Functor composition rule necessary?

Question

Sorry if this is a dumb question, but I don't quite understand the composition rule for functors.
I see how the identity rule makes sense, as mapping the functor over the id function shouldn't change anything. But isn't this rule sufficient?
Is there an example of an fmap implementation that obeys the identity rule, but not the composition rule?

Answer 1

Suppose we are working in a parametric model (which is the case in bottom-free Haskell). Suppose that F is a functor, and that f is any function with this type:

f :: (a -> b) -> (F a -> F b)

If f id = id, then f = fmap. This is a consequence of the parametricity theorem.

This is a very interesting result, because it means that when Functor instances exist, they are in a sense unique.

However, we assumed that F is a functor, which means it has a fmap function which obeys the functor laws. This means that if you're looking for a counterexample, you can't start with a functor and then look for a fmap-like function. You must start with a non-functor.

What's especially interesting is that nobody knows of any counterexamples. At the time of writing, it hasn't been proven that any bottom-free seq-free Haskell function of the correct type which satisfies the identity law also satisfies the composition law.

Answer 2

Assuming parametricity (for example in a language like Haskell), the composition law follows from the identity law. (see comments)

For the general mathematical concept of functor, both laws are required. It's easy to come up with an example of something that is almost a functor but doesn't satisfy the composition law: let $\mathcal{C}$ be the following category (identities and composites not drawn):

$$a \overset{f}{\longrightarrow} b \overset{g}{\longrightarrow} c$$

and consider a "functor" $F : \mathcal{C} \to \mathbf{Set}$ that sends $a$, $b$ and $c$ to some set $X$, $f$ and $g$ to $\mathrm{id}_X$, and $g \circ f$ to a non-identity morphism $X \to X$.

Answer 3

It actually is possible to prove the functor composition rule from parametricity and identity. However, it requires more machinery than is usually talked about (i.e. more than 'free theorems'). Here is a formalization of the argument in cubical Agda. I'll explain how it works below. If you want a more thorough presentation of the parametricity principles involved, I was looking at this paper when formulating them.
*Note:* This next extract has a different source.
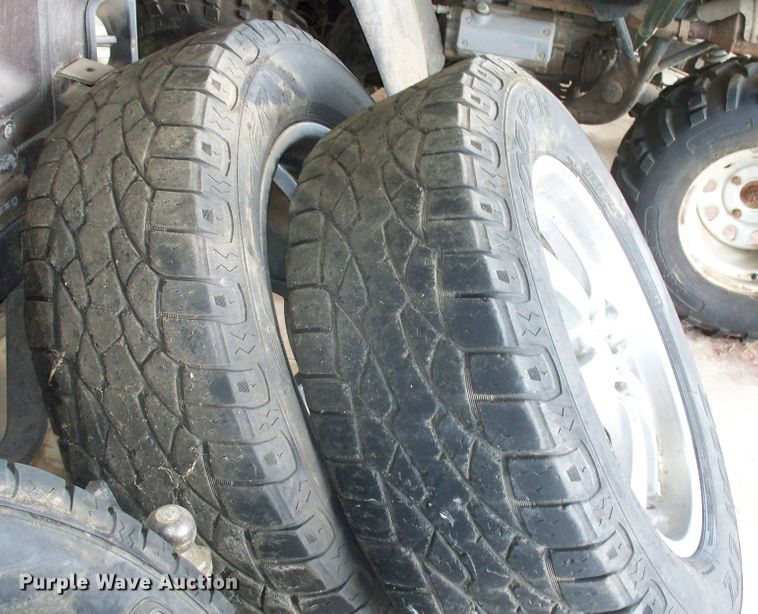 image for item FW9049 Tires and wheels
First, parametricity is based on a relational interpretation of type theory. There is a structure on the collection of types called a "reflexive graph." Given two types $A$ and $B$, there is a collection of relations between them $A \Leftrightarrow B$. For every type $A$ there is a designated 'reflexive' relation $A \Leftrightarrow A$, and for types this is just the identity relation. In my formalization I technically take relations $A \Leftrightarrow B$ to be arbitrary families $A → B → \mathsf{Type}$, so they are not strictly relations (not propositional). This seems to fit in well with the homotopy aspects, though, because the identity type (the reflexive 'relation') may not be a proper "relation" there either, but it behaves similarly.

A sort of relation we'll need later is the graph of a function. If $f : A → B$, then $\newcommand{\G}{\mathsf{G}} \G_f : B \Leftrightarrow A$ is the relation $\G_f(y,x) := y = f(x)$.
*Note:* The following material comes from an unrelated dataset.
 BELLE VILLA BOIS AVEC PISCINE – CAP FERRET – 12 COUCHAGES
A structure preserving map between reflexive graphs is called a "relator." For the special case of the reflexive graph of types, a relator is:

1. A mapping $F : \sf Type → Type$
2. An action of $F$ on relations, so if $R : A \Leftrightarrow B$, then $F(R) : F(A) \Leftrightarrow F(B)$
3. Such that the identity extension property is satisfied: $\newcommand{\Id}{\mathsf{Id}} F(\Id_A) = \Id_{F(A)}$

If we consider reflexive graphs to be analogous to categories, then relators are analogous to functors. But because there is no composition of edges in a reflexive graph, relators only have an identity preservation property.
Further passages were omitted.